### [About this exercise]
For this exercise, output exactly the lines from the opening line of the listing through the line with "Dick's Sporting Goods", skipping pictures.

### [Data provided]

════════════════

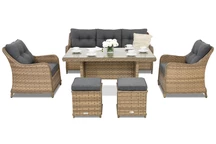 Polyrattan Gartenmöbel Toledo Apetito 5 mit 2 Garden Point Melange Poufs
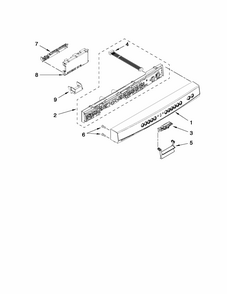 Control Panel And Latch Parts Diagram and Parts List for 66513043K110  Kenmore Dishwasher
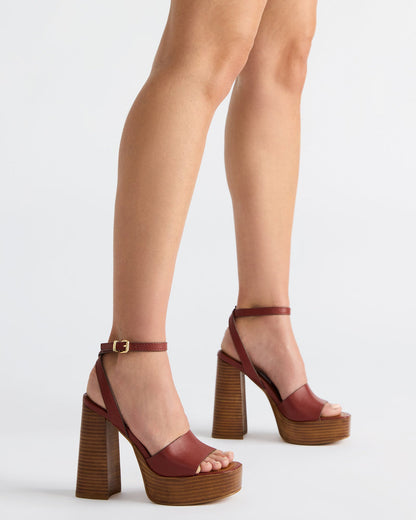 FLORIA Rust Leather Square-Toe Block Heel Platform Women's Heel Steve Madden RUST LEATHER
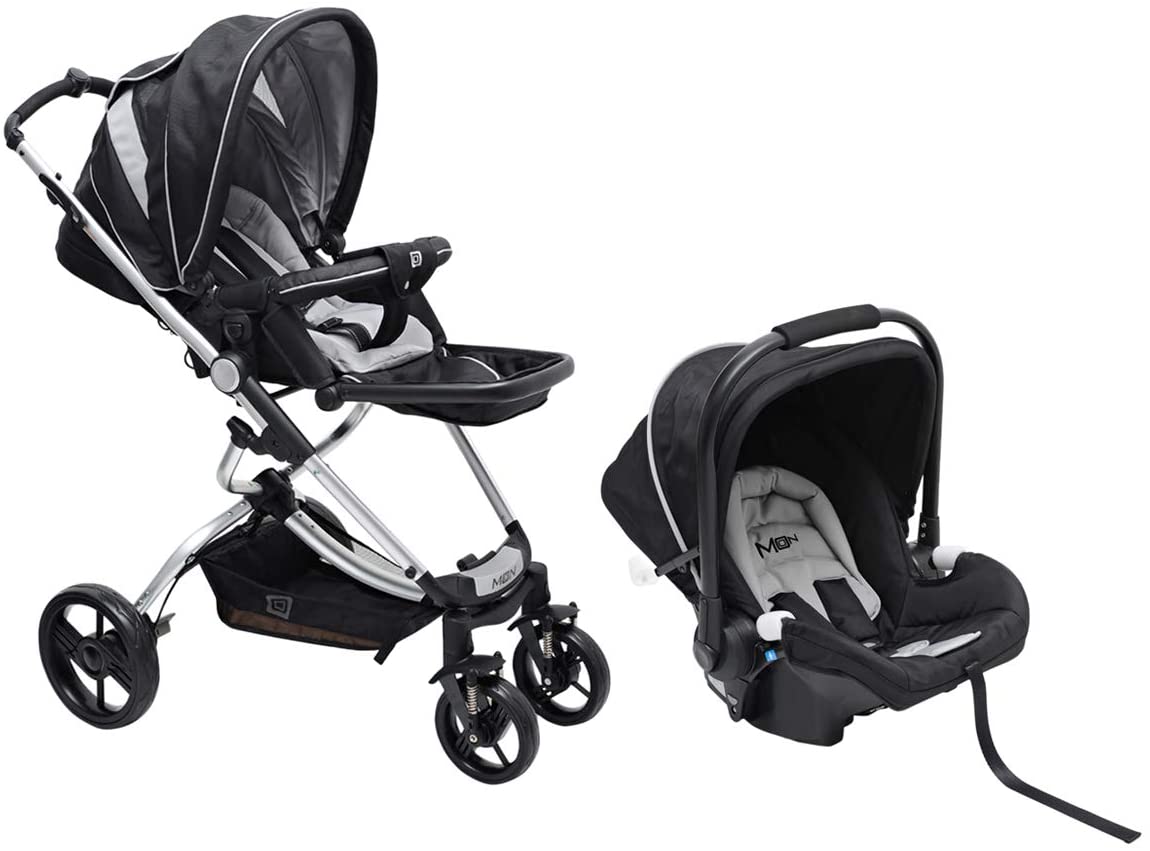 Moon 62270299 3 in 1 Spider Baby Stroller -Black - Moon Factory Outlet - Baby City - Mon - Moon 62270299 3 in 1 Spider Baby Stroller -Black - Default Title - Baby Stroller - 1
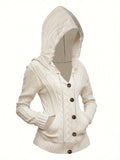 Women Cable Knit Hooded Cardigan Button Up Long Sleeve Solid Color Chunky Knit Casual Sweater Coat Cozy Fall Winter Layering Outerwear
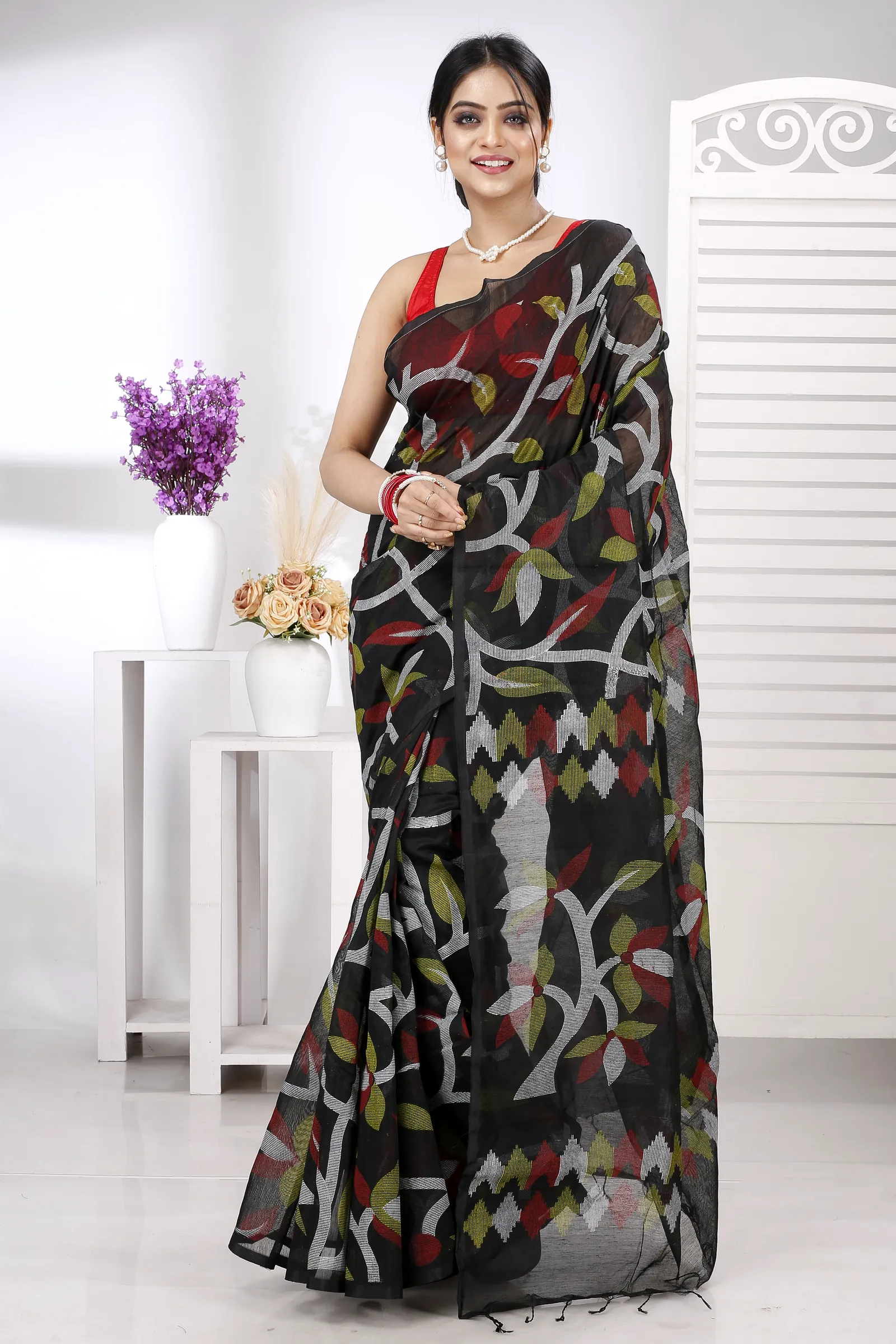 Black Cotton Naren Hand Loom Saree (1324)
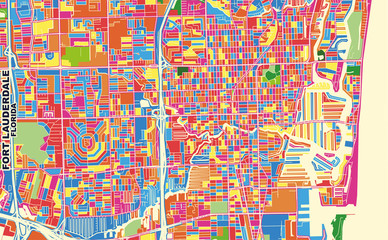 Fort Lauderdale, Florida, USA, colorful vector map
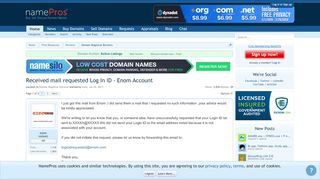 
                            10. Received mail requested Log In ID - Enom Account - NamePros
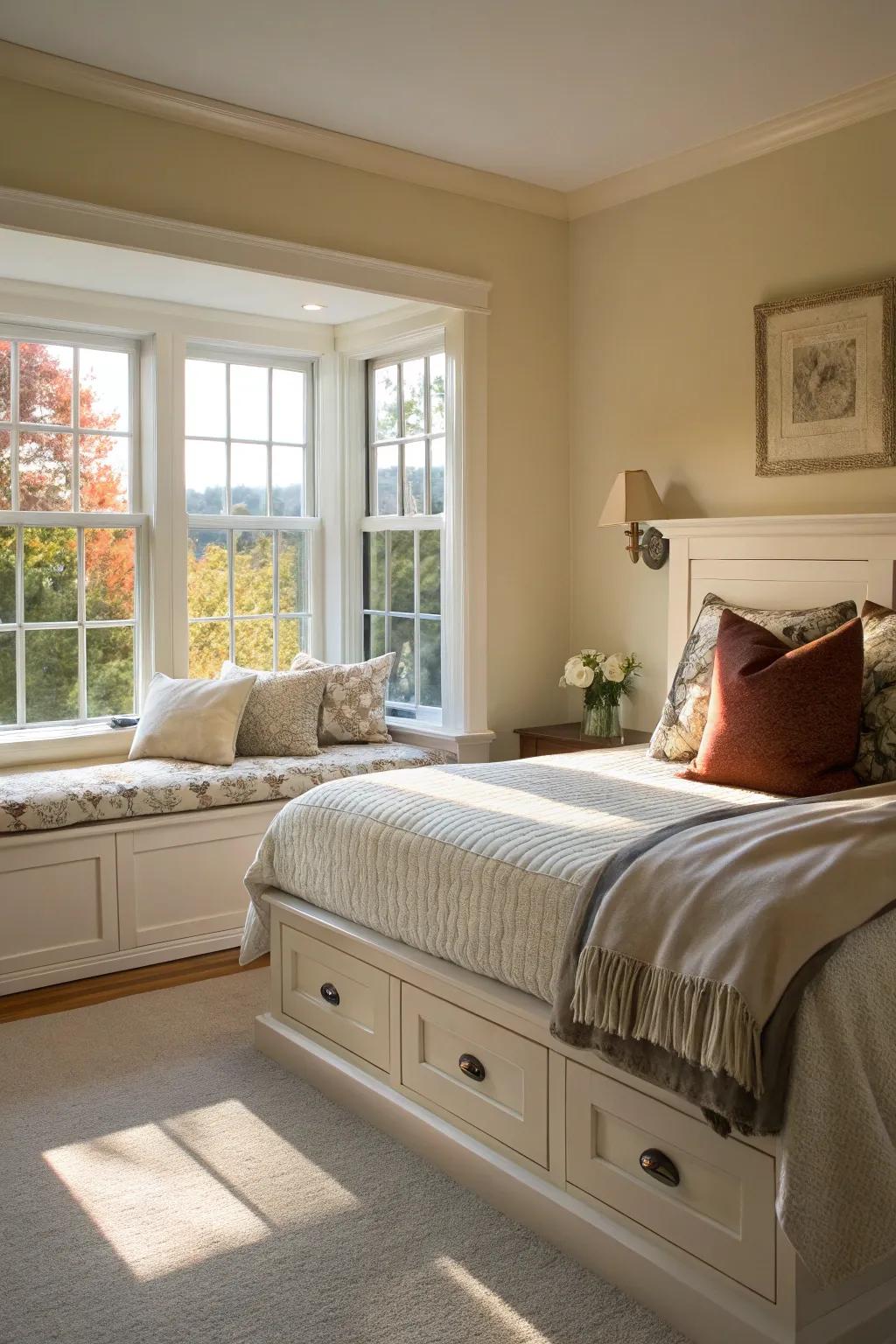 A window seat with storage offers a cozy nook.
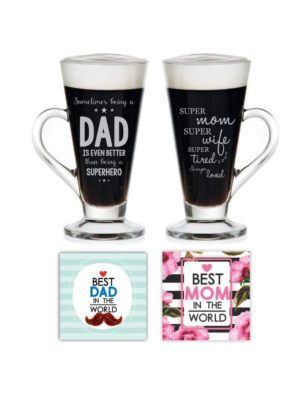 Anniversary Gifts For Mom Dad, Super Mom Super Dad Engraved Tea Coffee Mugs Set Of 2 With Coasters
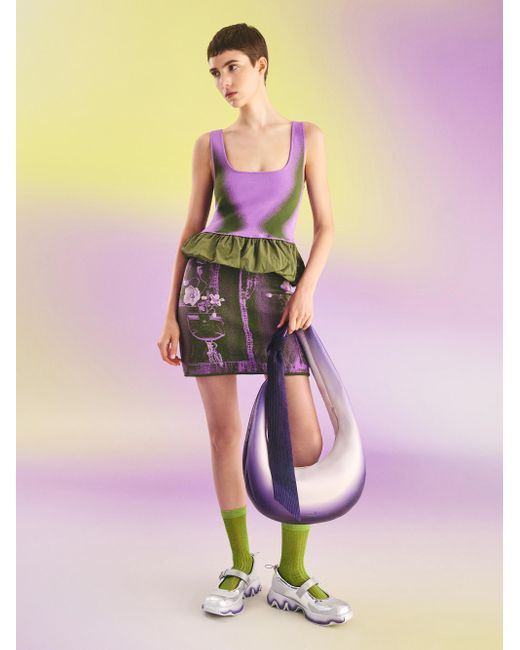 Charles & Keith Purple Toni Gradient Knotted Crescent Hobo Bag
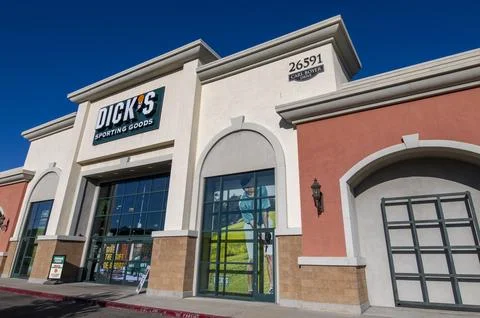 Dick's Sporting Goods store front, entrance, sign, logo, marquee, sunny day. Stock Photos
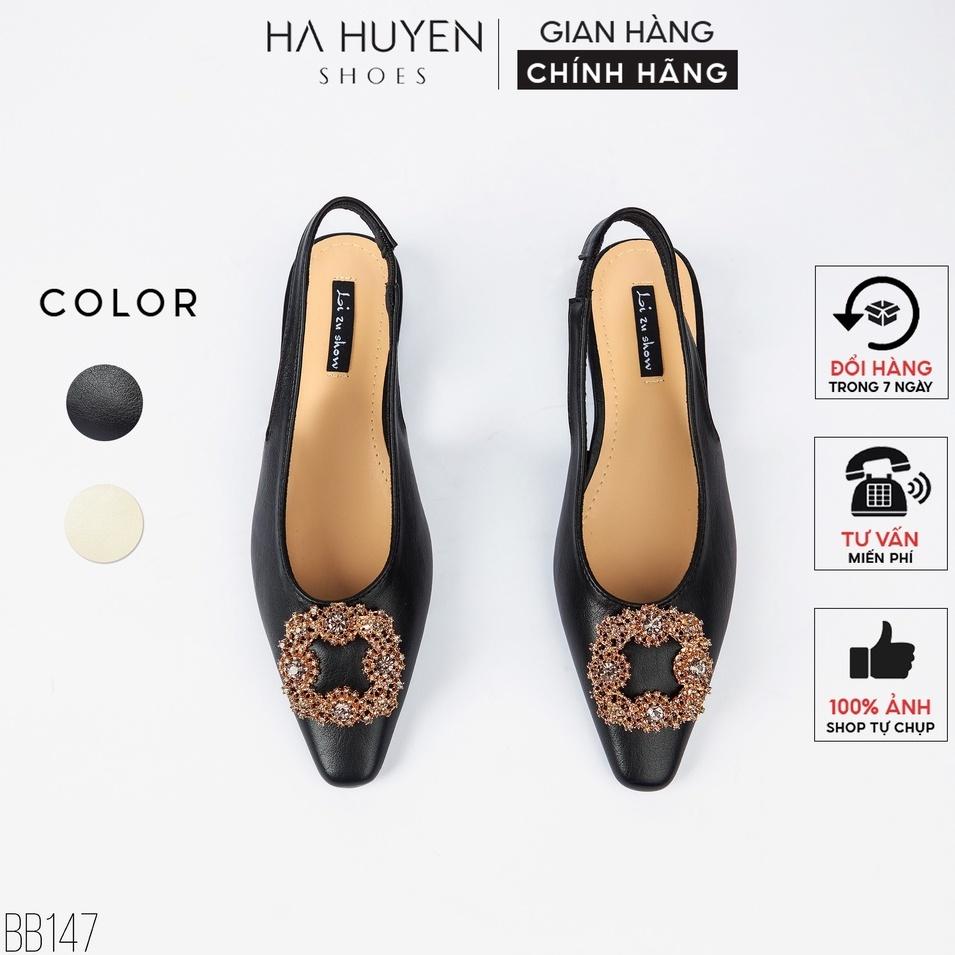 Giày búp bê nữ Hà Huyền Shoes mũi nhọn da đá quai hậu sang trọng - BB147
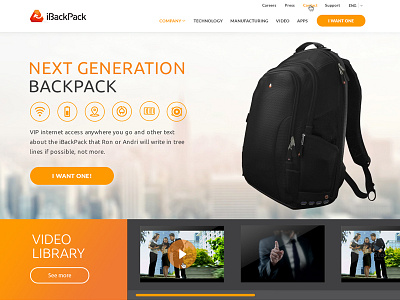 Ibackpack website backpack features landing web website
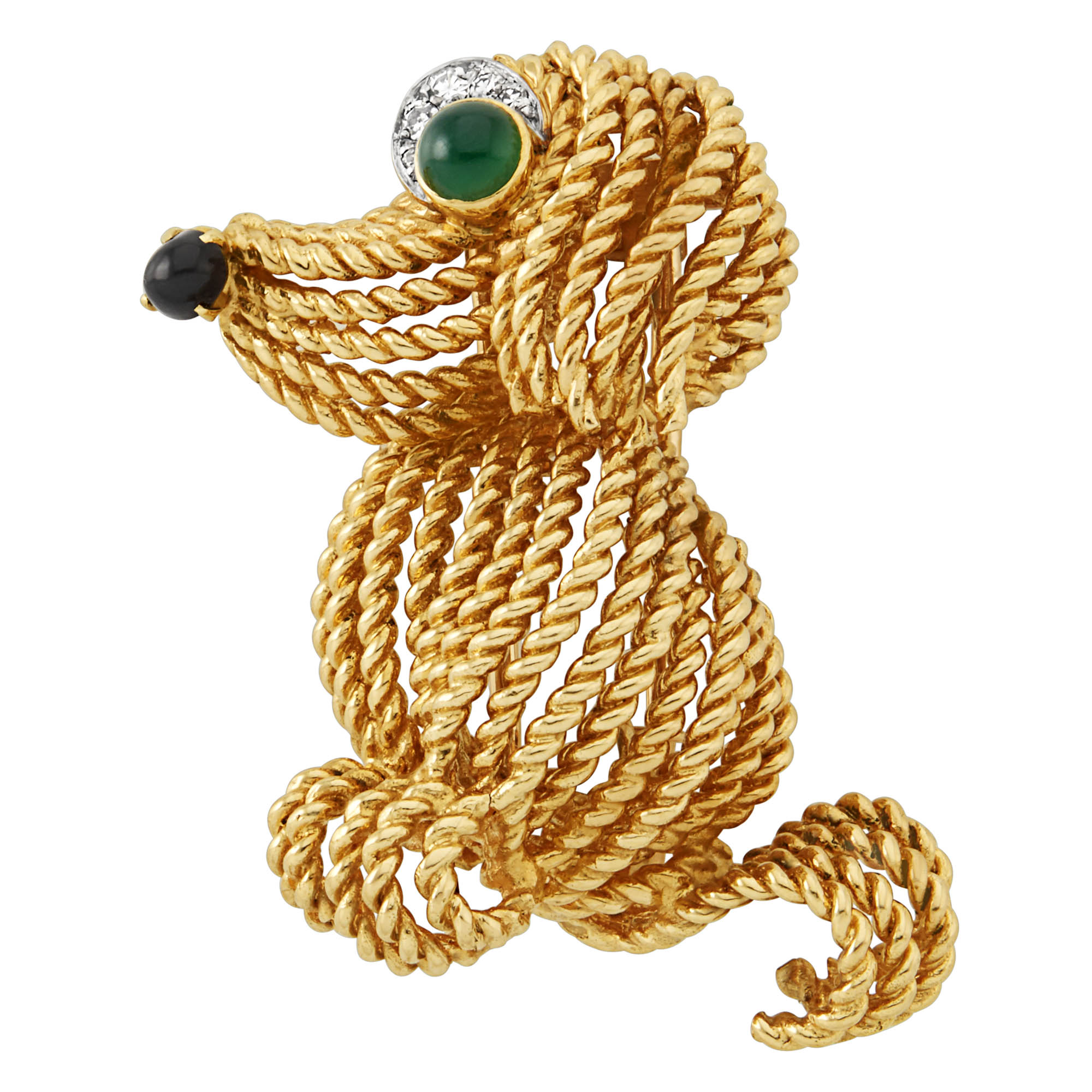 Lot image - Gold, Platinum and Gem-Set Dog Clip-Brooch, Boucheron, Paris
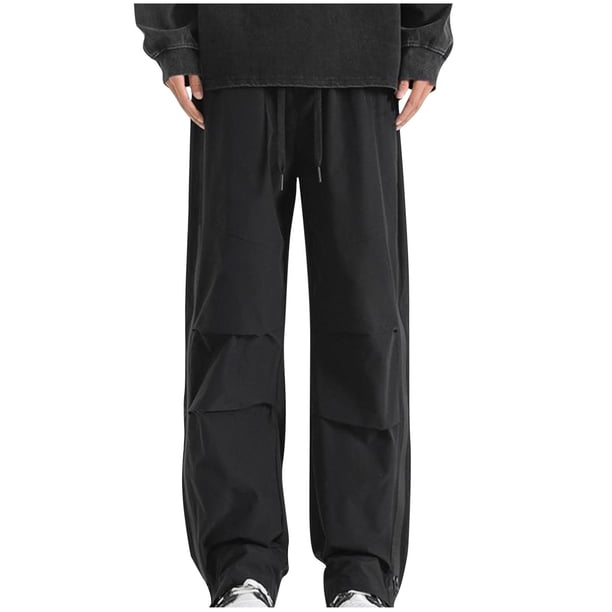 Pantalones largos de moda para hombre, casuales, de color sólido, con bolsillos y cuerda elástica, pantalones casuales para hombre.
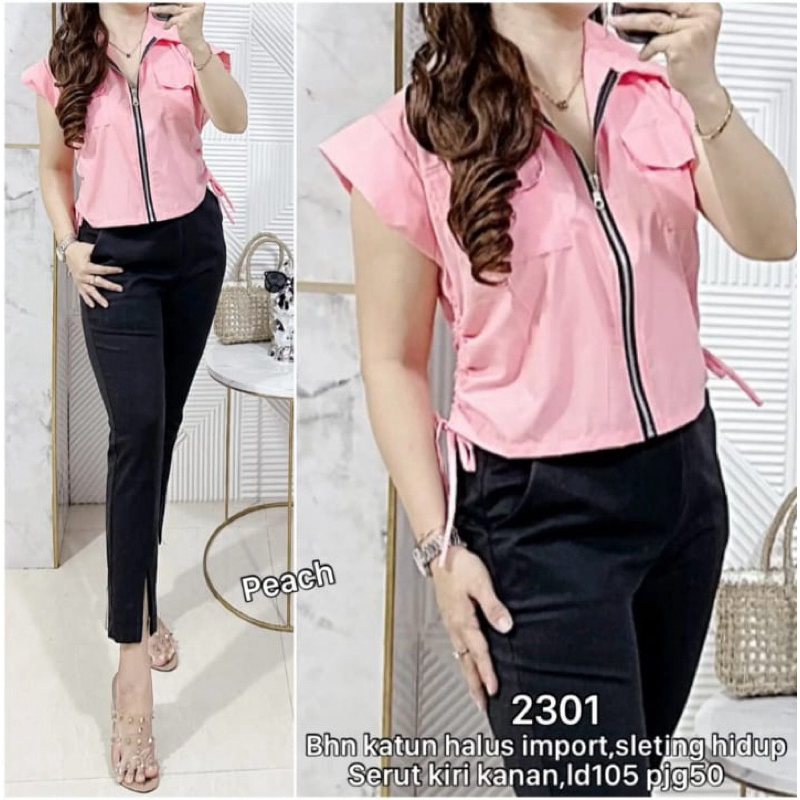 2301 CNY EDITION KEMEJA IMPORT WANITA SLETING SERUT SAMPING IMPORT , KEMEJA WANITA IMPORT , KEMEJA W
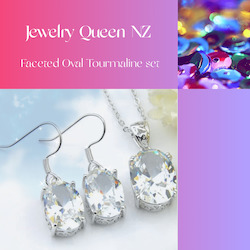 Oval Bright Fire White Topaz Earrings Pendant Set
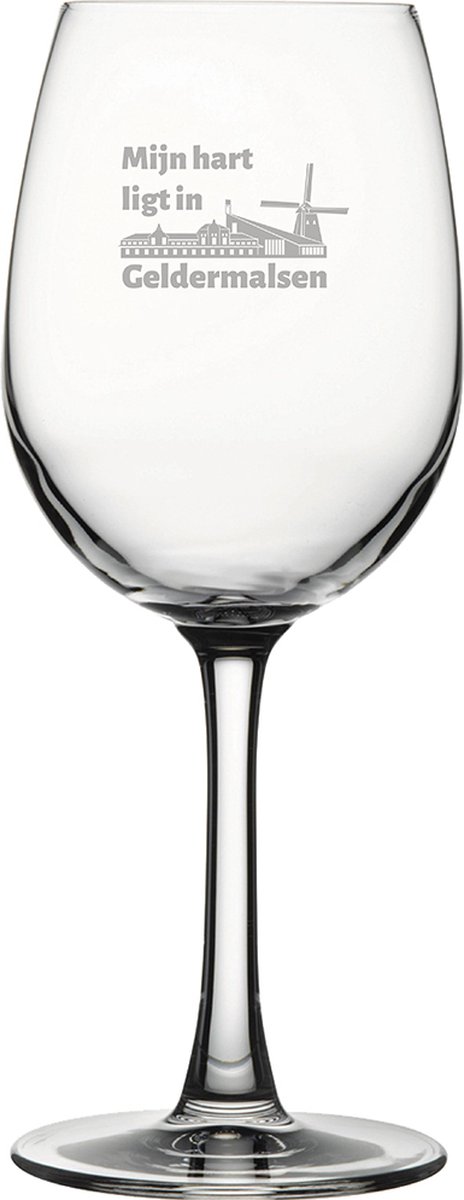 Gegraveerde witte wijnglas 36cl Geldermalsen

════════════════

### [Completed task]
 Polyrattan Gartenmöbel Toledo Apetito 5 mit 2 Garden Point Melange Poufs
 Control Panel And Latch Parts Diagram and Parts List for 66513043K110  Kenmore Dishwasher
 FLORIA Rust Leather Square-Toe Block Heel Platform Women's Heel Steve Madden RUST LEATHER
 Moon 62270299 3 in 1 Spider Baby Stroller -Black - Moon Factory Outlet - Baby City - Mon - Moon 62270299 3 in 1 Spider Baby Stroller -Black - Default Title - Baby Stroller - 1
 Women Cable Knit Hooded Cardigan Button Up Long Sleeve Solid Color Chunky Knit Casual Sweater Coat Cozy Fall Winter Layering Outerwear
 Black Cotton Naren Hand Loom Saree (1324)
 Fort Lauderdale, Florida, USA, colorful vector map
                            10. Received mail requested Log In ID - Enom Account - NamePros
 A window seat with storage offers a cozy nook.
 Anniversary Gifts For Mom Dad, Super Mom Super Dad Engraved Tea Coffee Mugs Set Of 2 With Coasters
 Charles & Keith Purple Toni Gradient Knotted Crescent Hobo Bag
 Dick's Sporting Goods store front, entrance, sign, logo, marquee, sunny day. Stock Photos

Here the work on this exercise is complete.